Umm, instigator and Karate monkey are 27.5s Troll is 26 and ogre is 29".


----------



## Rob_E (Nov 22, 2010)

leeboh said:


> Umm, instigator and Karate monkey are 27.5s Troll is 26 and ogre is 29".


Sure, but if you're building it yourself, you can put any wheels on it. May not work, but that's a different issue. When I got my Troll frame, I hadn't built up my 26" wheels yet, so I got it running by taking the 700c wheels off of my touring bike. Rode that bike as 700c bike for a few months, and, for a few weeks, with a 700c front and 26" rear wheel. Worked fine. The reason I recommend the Troll for this is that it can handle a variety of wheel sizes.


----------



## leeboh (Aug 5, 2011)

Sure it will work, but not ideal. OP, tire size/width planning on using? Look at trail, rake and bb drop for some issues.


----------



## Rob_E (Nov 22, 2010)

leeboh said:


> Sure it will work, but not ideal. OP, tire size/width planning on using? Look at trail, rake and bb drop for some issues.

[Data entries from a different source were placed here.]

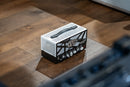 EVH 5150III LBX2 15 Head
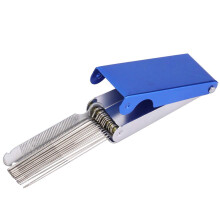 Guitar Cover,Guitar Gig Bag & Guitar Nut Bridge File Set Luthiers Tool Box 13 Sizes of Files 1 Flat File
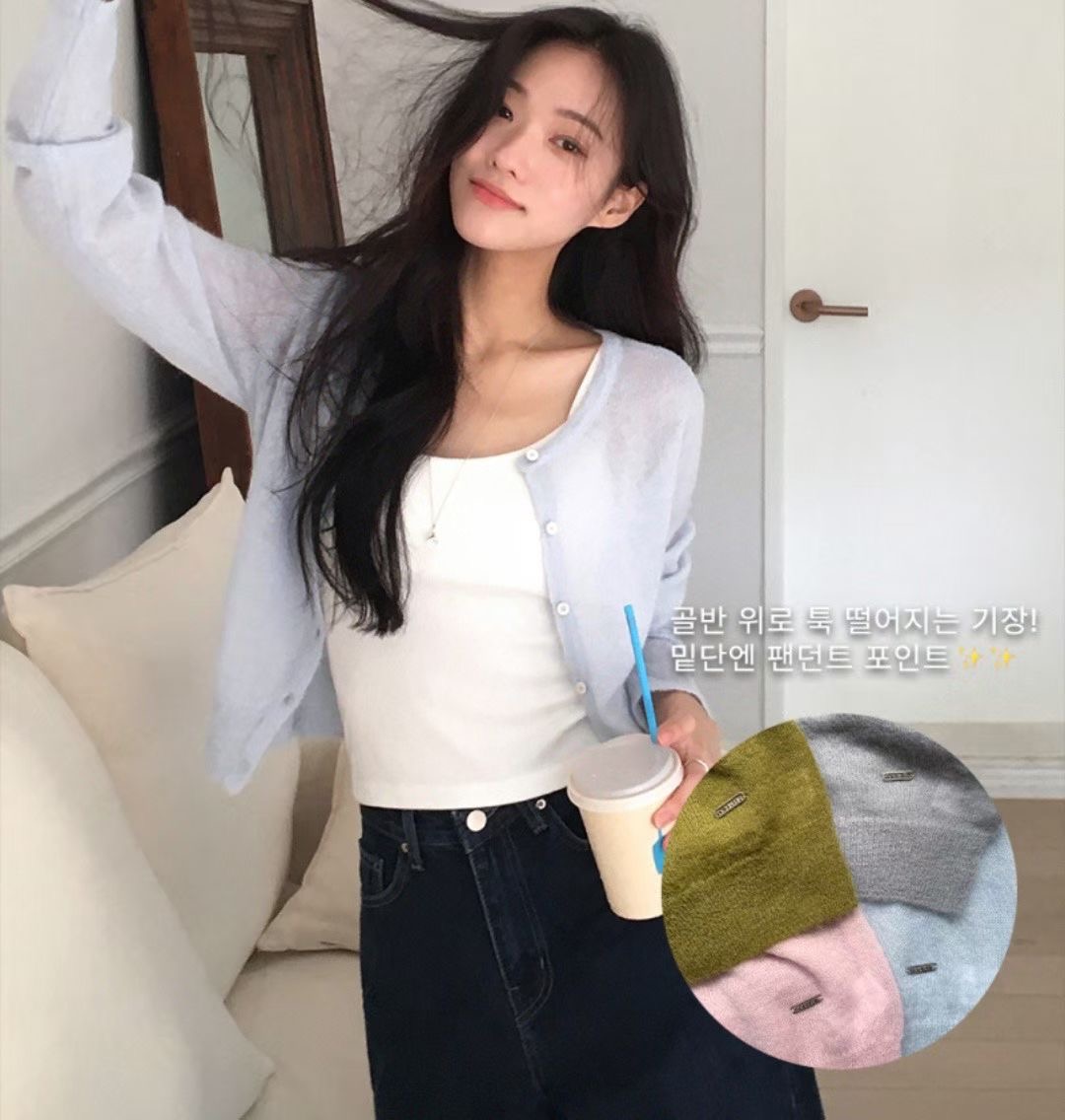 50de719a43a58c78aea9445702c9e5de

Trail will be affected by different wheel sizes, maybe. Tire size/width is a big factor, so, yes, the OP needs to be thinking of that. In my case, the diameter of my 26" x 2.15" tire was almost exactly the same as my 700 x 40 tire. So, equally ideal from geometry standpoint, although I prefer the 26".

Rake is not affected by tire size.

Bottom Bracket Drop is not affected by tire size, but Bottom Bracket Height is. So it's certainly worth looking at, and it's the main reason I'd look at the Troll rather than the Ogre, because it seems like unless you're running very wide tires, you're going to put the bottom bracket a little lower on the Ogre.

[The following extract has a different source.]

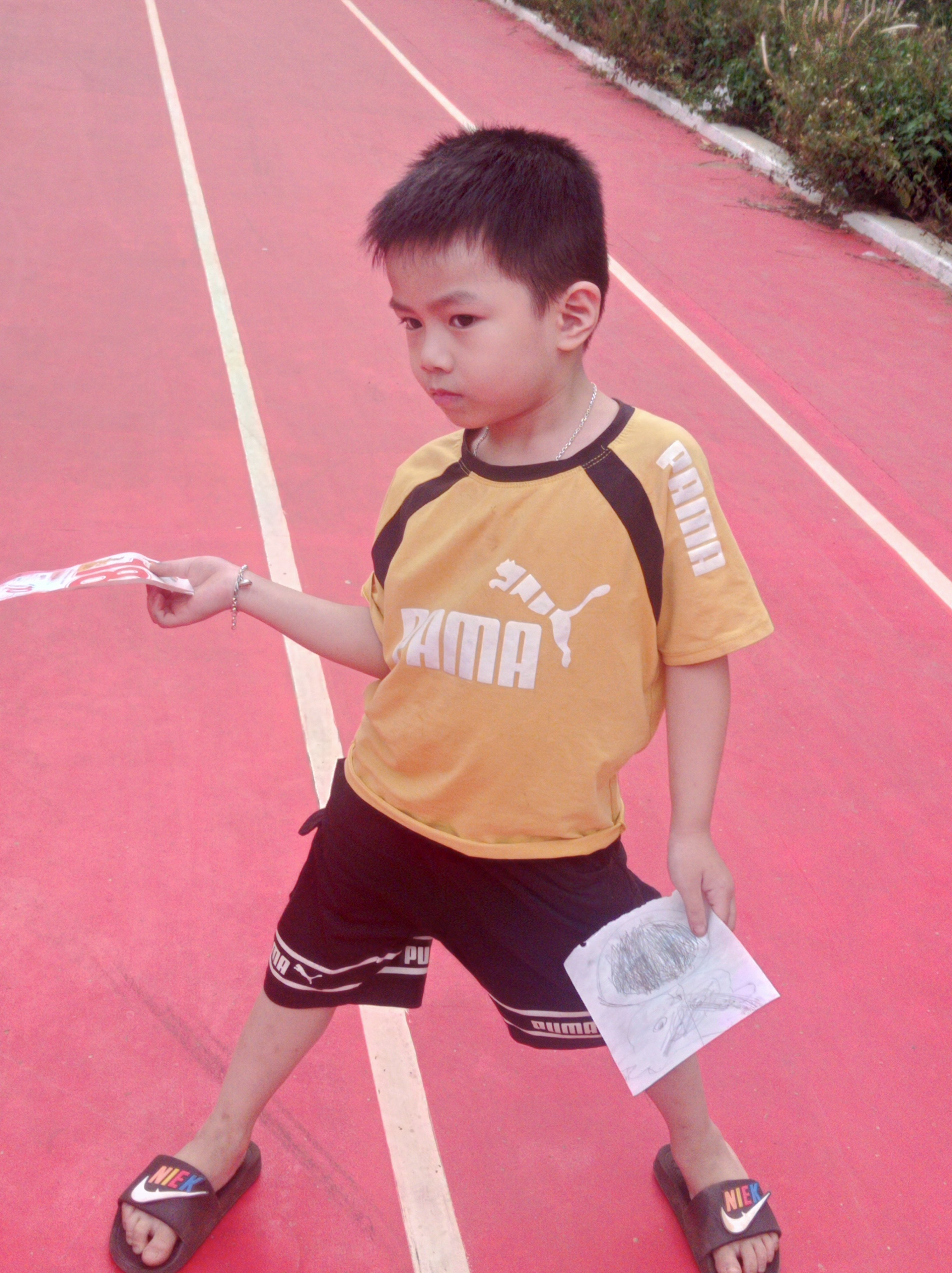 Duy Duy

But the fact that these values change with tire size, does not mean the bike will somehow be less than ideal if you use the "wrong" wheel size. What makes the bike ideal is a matter of preference, and, using the Troll as an example, it's made to fit some wide tires, up to 3", but you could run considerably narrower tires as well. If you consider the Troll range to be from about 26" x 1.5" to 26" x 3.0", then you could swap in a set of 650B tires from about 28mm wide to about 2.5" and still have the exact same measurements as what you could get on a 26" tire.

The only real issue is that you have to use disc brakes, because caliper brakes will likely not line up properly with the brake track on 650B rim if the frame was not designed for it.


----------